PDA

View Full Version : Anybody ever designed a search engine?


Simplex3
01-18-2006, 03:11 PM
I'm looking for some insight. I need to design a moderately complex search engine and I'm looking to learn from someone else's experience before I eat it myself. Basically I'm trying to index text from a database, none of this is static html anywhere. Here's the scenario:

The app is hosted by regions, cross-region searches won't happen.
A customer may belong to multiple regions.
A customer may have multiple offerings.

The search engine needs to search a few text fields for each offering that is available in a given region based on keyword relevance and return a listing of the ids, in order of relevance.

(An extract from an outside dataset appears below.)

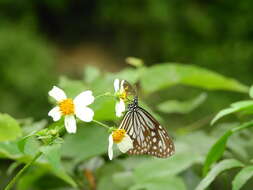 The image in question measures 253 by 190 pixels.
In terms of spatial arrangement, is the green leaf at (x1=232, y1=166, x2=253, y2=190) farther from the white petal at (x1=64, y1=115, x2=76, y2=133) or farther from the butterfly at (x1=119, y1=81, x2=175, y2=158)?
the white petal at (x1=64, y1=115, x2=76, y2=133)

Any pointers are greatly appreciated.

Ari Chi3fs
01-18-2006, 03:13 PM
would www.atomz.com be a solution that you could utilize?

Simplex3
01-18-2006, 03:17 PM
would www.atomz.com be a solution that you could utilize?
Actually, that's way more than I need here but it's very interresting for another project I have going...

Thanks for the link.

dirk digler
01-18-2006, 03:19 PM
Doesn't Google have where you can do local searches? I have seen alot of websites do local google searches.

Simplex3
01-18-2006, 03:21 PM
Doesn't Google have where you can do local searches? I have seen alot of websites do local google searches.
Yes. I did fail to mention one thing, though. My customer doesn't want their entire database exposed to google, yahoo, etc. This has to be internal to the application.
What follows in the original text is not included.